- After a short down-turn last year, Cape Verde's economy "is back on track," according to a new report released today. There had been a "higher growth ... than expected" last year, the report concludes, but analysts fear uncontrolled expenditure in the run-up to the 2006 parliamentary elections.
The International Monetary Fund (IMF) has today released its latest review of Cape Verde's economic performance, regarding the Fund's funding of structural reforms - also termed the poverty reduction programme - in the Atlantic Ocean archipelago. The generally positive review ended up in another US$ 2 million disbursement for the Cape Verdean government.
IMF Deputy Director Agustín Carstens in a statement released today painted an unusually positive picture of the macroeconomic situation in Cape Verde. "The Cape Verdean authorities have succeeded in putting macroeconomic policy back on track following some slippage in 2003," the IMF leader noted.
- Economic outturns in 2003 were generally better than expected, with higher growth, lower inflation, and improved external balances, Mr Carstens said. He however urged the government in Praia to stick to those IMF-prescribed structural reforms currently executed by authorities. The Fund's reform package as always includes controversial privatisation schemes, including in the strategic water supply sector.
Mr Carstens noted that Praia authorities were determined to implement further structural reforms. "In addition to ongoing reforms in the transport and utility sectors, it is important that an automatic and transparent mechanism be adopted for the adjustment of electricity and water tariffs in response to changes in costs," the IMF leader commented.
The commercialisation and privatisation of Cape Verde's water and power utilities has been a controversial issue over the last years. Consumers that are unable to pay bills - poverty is still pervasive in Cape Verde - are simply cut off. Critics claim that this will lead to more poverty and use of unsafe water sources in stead of reducing poverty, as the IMF claims.

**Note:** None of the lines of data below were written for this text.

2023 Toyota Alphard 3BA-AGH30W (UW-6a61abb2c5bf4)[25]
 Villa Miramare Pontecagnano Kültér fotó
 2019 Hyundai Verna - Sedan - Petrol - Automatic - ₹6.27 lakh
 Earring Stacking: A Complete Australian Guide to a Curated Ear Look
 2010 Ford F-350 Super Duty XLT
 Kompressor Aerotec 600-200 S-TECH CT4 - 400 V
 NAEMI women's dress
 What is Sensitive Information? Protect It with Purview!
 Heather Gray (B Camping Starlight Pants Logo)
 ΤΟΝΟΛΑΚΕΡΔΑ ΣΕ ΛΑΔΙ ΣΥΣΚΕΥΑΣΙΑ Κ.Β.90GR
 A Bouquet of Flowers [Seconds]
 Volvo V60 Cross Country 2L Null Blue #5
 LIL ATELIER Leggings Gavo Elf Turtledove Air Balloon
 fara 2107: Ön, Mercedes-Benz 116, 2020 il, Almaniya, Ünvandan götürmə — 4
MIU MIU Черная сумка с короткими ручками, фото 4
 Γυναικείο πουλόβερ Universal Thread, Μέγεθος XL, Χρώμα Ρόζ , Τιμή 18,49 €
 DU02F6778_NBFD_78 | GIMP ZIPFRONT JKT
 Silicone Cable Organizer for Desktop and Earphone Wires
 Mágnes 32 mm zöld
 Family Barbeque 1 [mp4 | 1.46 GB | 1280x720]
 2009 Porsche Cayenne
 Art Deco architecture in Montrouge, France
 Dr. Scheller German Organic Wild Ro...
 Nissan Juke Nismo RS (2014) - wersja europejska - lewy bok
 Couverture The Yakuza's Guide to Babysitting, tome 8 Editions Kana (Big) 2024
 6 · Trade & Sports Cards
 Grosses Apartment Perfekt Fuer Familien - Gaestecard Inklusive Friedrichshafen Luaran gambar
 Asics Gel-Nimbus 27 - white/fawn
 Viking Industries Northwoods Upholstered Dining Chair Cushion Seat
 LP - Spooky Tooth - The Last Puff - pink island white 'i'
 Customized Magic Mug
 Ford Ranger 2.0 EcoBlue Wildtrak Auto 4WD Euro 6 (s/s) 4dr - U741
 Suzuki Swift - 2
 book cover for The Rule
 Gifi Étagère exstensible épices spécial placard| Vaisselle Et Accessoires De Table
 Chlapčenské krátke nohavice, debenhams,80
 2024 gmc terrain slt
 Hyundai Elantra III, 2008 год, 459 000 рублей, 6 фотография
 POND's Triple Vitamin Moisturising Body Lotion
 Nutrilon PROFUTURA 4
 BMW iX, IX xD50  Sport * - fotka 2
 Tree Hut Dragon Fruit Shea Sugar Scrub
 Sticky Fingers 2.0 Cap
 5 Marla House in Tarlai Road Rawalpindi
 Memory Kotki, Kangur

According to Mr Carstens, however, further privatisation is essential for Cape Verde to secure its economic successes. "To improve the environment for private sector development, the authorities should implement the privatisation programme with vigour and press ahead with regulatory reform," he emphasised.
While the IMF review is positive on Cape Verde's current macroeconomic tendencies, the Fund however warns that growth is fragile. It warns against "the rapid growth of recurrent expenditures over recent years and spending pressures that may arise in the run-up to the 2006 parliamentary elections." Praia should take efforts to "avoid jeopardising medium-term debt sustainability."
Cape Verdean authorities are in the process of finalising the IMF-funded "Poverty Reduction and Growth Facility" (PRGF) arrangement, worth a total of US$ 13 million. According to Mr Carstens, this programme has contributed to "stronger growth and poverty reduction" in Cape Verde. While analysts agree that economic growth has been impressive in Cape Verde during the last decade, many however question the gains of the fight against poverty.